Within the first minute of “That's My Kind of Night,” the opening track on Luke Bryan's new album, “Crash My Party,” he cites tailgating, beer drinking and a nameless “pretty girl” in suntan oil and cowboy boots — all standard modern-day signifiers for a country song. Set to an electronically altered bass-and-drum rhythm, the song also refers to a country hip-hop mix tape, a reflection of the tune's arrangement, which mixes banjo, hard-rock guitar riffs and hip-hop production touches. What Bryan's fourth album doesn't offer is many surprises. The current Academy of Country Music entertainer of the year, Bryan sticks with souped-up country rockers and romantic ballads about how guys who like to fish and guzzle beer and drive pickups do better with women and generally have more fun than their counterparts. That theme rings out in the title song and many others, including “Beer in the Headlights,” “We Run This Town,” “Play It Again,” “Out Like That” and on and on. Bryan and producer Jeff Stevens push the edge of how many electronic effects they can use in a country song, but in every other way, Bryan sticks a bit too predictably with a successful formula on “Crash My Party.”

— Associated Press

‘The Civil Wars'

The Civil Wars (Sensibility Music/Columbia)

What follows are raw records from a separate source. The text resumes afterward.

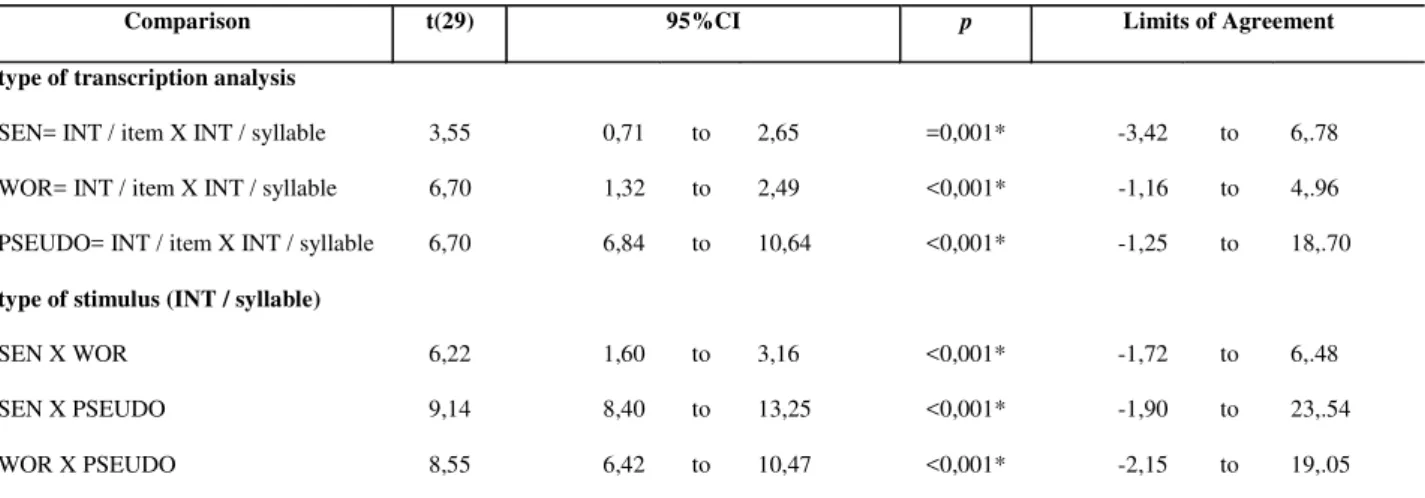 TABLE 2. Comparison among intelligibility scores by type of transcription analysis and stimulus
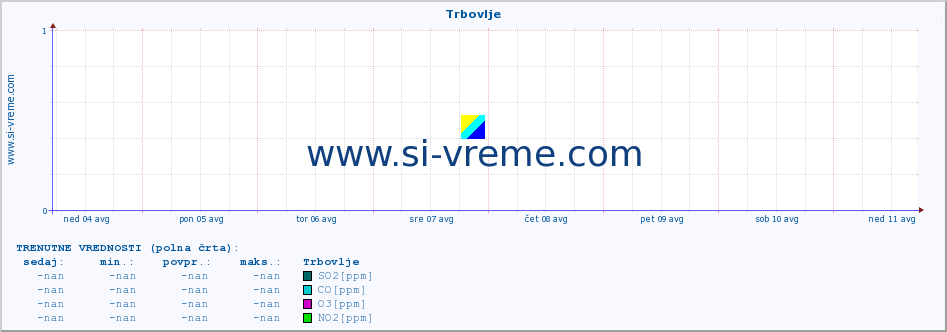 POVPREČJE :: Trbovlje :: SO2 | CO | O3 | NO2 :: zadnji mesec / 2 uri.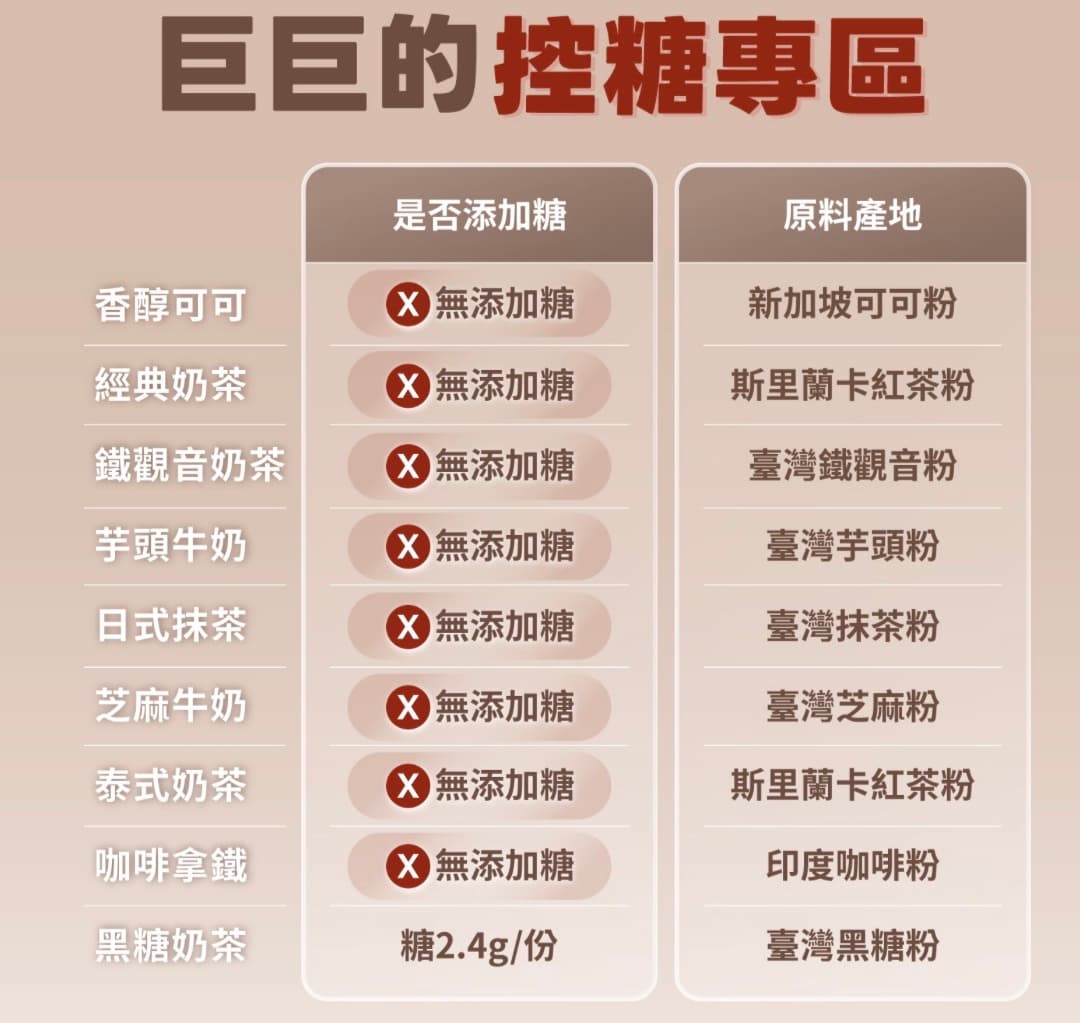 Tryall 濃縮乳清蛋白粉 500g/袋 口味任選 圖片 2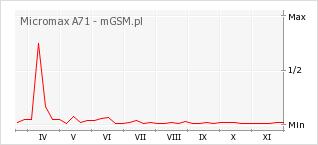 Wykres zmian popularności telefonu Micromax A71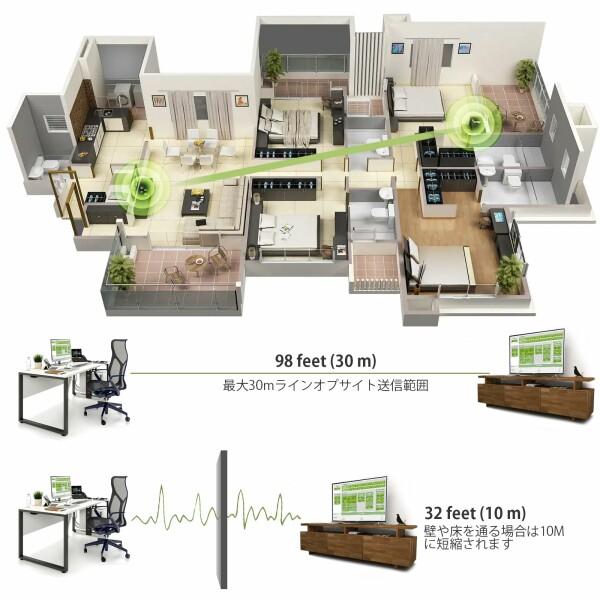 ワイヤレスHDMI 小型 収納に便利 無線化 送受信機セット HDMI ワイヤレスHDMI 小型 収納に便利 無線化 送受信機セット HDMI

Joy Williams and John Paul White are the two artists who make up the Civil Wars, whose name is also on the album at hand. I don't know whether they are really as dysfunctional as they seem from a distance, but they act the part well. Their first album, “Barton Hollow,” featured songs of wrong and longing, Möbius-strip harmonies, and tales of enchantment and dissolution. During a tour later, they split, issuing a statement about “internal discord and irreconcilable differences of ambition.” Somehow, here they are again, in an album produced by eclectic visionary Charlie Peacock, with Rick Rubin on the rustic romancer “I Had Me a Girl.” Williams' pure, dulcet tones are more present than White's. Unlike “Barton Hollow,” the pair loses some intimacy to bolder arrangements and instrumentation (as in the bucking blues of “Oh Henry”). What “The Civil Wars” loses in sonic proximity, however, it gains in lyrical strength. “The One That Got Away” has lines like “I got caught up by the chase/ And you got high on every little game/ I wish you were the one that got away.” Whether the duo work better together or apart, “The Civil Wars” is heartbreaking stuff.